Proprio questa enfasi su un open world abitato, almeno così sembra, da sole macchine ha sollevato in noi qualche perplessità: l’assenza di eventuali personaggi umani non solo potrebbe ridurre l’esplorazione del mondo alla mera necessità di trovare provviste, comunque sempre necessarie, ma nemmeno rendere questa meccanica sufficientemente interessante per osare più del necessario – e sarebbe un peccato sprecare una ambientazione così ispirata. Dall’altro, per quanto sempre interessante il concept delle macchine come nemico principale, occorre una varietà nelle tipologie in modo tale da dare un senso alla nostra sopravvivenza. Runner e Tick non sono particolarmente impegnativi e non trasmettono alcun senso di urgenza, pericolo o persino terrore, dunque la speranza è che Avalanche Studios possa tenerci sempre sul pezzo implementando macchine più complesse e letali. Il setting, ad ogni modo, per ora ci ha convinti.

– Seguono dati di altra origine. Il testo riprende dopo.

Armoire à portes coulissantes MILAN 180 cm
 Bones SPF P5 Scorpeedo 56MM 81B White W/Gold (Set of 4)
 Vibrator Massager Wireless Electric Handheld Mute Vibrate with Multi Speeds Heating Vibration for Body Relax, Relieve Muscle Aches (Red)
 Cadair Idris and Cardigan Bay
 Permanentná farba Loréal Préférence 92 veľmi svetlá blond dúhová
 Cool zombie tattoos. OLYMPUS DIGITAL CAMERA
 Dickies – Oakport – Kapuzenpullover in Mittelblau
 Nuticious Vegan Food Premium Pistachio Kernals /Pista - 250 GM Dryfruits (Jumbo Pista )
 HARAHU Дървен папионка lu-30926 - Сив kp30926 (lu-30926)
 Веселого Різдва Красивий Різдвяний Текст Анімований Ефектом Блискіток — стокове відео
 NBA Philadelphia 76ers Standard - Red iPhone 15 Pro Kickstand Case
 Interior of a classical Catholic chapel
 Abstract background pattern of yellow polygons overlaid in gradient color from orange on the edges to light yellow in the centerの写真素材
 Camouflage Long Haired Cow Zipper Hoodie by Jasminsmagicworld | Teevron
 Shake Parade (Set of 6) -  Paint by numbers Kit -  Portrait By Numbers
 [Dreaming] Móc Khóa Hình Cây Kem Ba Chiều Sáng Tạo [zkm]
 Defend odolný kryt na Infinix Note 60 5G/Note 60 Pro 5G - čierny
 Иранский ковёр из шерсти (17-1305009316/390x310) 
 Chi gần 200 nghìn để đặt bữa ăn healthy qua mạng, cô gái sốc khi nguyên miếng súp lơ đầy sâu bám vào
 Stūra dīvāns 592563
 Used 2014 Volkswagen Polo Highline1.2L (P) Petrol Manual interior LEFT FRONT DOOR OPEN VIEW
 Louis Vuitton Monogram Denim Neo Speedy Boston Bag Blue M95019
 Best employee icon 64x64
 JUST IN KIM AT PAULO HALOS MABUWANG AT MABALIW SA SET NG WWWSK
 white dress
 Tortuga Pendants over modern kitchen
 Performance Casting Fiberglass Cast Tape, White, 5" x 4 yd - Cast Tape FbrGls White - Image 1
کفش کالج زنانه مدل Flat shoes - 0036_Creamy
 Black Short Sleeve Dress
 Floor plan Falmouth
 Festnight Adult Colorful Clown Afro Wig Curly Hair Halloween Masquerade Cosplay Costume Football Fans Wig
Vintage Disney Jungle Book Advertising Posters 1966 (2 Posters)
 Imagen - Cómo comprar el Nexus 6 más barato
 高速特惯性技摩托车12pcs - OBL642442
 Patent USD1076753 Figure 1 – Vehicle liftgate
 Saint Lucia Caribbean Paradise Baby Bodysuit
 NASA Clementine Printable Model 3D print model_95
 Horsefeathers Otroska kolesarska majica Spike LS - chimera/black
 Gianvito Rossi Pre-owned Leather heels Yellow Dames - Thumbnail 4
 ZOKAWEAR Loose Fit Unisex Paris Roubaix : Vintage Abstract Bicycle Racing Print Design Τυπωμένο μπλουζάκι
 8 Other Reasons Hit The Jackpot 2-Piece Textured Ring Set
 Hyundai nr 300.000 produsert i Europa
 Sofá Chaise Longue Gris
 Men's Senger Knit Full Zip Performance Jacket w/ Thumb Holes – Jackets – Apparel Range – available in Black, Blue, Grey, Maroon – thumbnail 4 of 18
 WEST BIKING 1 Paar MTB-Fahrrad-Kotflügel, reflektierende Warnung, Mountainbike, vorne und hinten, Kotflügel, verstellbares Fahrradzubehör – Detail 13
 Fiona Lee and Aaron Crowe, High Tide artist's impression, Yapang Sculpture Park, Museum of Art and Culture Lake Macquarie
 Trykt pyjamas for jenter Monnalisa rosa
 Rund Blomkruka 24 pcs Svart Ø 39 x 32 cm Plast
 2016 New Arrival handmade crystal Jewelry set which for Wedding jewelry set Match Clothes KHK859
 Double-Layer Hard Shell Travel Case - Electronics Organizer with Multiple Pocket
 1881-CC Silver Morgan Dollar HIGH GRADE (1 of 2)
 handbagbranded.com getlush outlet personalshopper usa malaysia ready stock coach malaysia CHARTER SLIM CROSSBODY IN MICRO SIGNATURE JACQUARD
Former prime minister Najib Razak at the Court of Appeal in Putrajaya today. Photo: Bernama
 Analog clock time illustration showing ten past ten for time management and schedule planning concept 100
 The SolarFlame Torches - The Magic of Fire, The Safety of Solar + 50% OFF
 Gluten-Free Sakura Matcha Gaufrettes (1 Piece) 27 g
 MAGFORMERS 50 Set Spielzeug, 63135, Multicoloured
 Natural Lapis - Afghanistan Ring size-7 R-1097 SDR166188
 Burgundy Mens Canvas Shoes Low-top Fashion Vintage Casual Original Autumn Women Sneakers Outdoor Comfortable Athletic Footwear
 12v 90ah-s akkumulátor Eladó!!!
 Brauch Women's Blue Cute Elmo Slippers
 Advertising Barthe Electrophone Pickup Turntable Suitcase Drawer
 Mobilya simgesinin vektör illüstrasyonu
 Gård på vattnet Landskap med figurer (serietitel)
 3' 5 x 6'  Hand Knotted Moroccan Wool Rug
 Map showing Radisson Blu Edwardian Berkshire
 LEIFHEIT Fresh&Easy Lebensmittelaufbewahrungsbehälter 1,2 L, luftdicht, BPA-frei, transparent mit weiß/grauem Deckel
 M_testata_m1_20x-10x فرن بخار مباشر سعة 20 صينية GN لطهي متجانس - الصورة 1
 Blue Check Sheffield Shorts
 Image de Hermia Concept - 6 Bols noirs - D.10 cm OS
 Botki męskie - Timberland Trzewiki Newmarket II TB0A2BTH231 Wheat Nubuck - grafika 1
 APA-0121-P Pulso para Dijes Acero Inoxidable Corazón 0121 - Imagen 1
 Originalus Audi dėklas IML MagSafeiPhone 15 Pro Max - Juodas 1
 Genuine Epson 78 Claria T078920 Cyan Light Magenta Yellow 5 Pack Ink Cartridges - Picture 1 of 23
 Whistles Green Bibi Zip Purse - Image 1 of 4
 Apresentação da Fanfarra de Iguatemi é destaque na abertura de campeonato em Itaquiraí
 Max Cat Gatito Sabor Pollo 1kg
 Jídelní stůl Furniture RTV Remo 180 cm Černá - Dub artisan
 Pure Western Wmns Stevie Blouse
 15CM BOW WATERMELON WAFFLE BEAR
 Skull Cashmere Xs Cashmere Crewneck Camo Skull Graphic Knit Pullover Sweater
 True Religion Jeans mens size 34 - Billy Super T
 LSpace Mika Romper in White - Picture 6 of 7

Sebbene fortemente ispirato a Horizon Zero Dawn, Generation Zero sembra essere pronto a sviluppare un’identità propria: il ciclo giorno/notte, la balistica reale per quanto riguarda le armi e il danno persistente ai nemici sono tutte caratteristiche intriganti introdotte in un setting che si è distopico ma al contempo manca di quella tecnologia che contraddistingue un Detroit: Become Human o un Cyberpunk 2077. Questi sono gli anni ’80 e per quanto all’apparenza possa sembrare, Avalanche Studios non sta inseguendo qualche trend per rendersi più appetibile ai giocatori: Generation Zero si percepisce come un’estensione naturale del lavoro dello studio e del luogo di provenienza degli sviluppatori, motivi per i quali potrebbe davvero avere un cuore e un’anima. La pubblicazione è prevista per il 2019.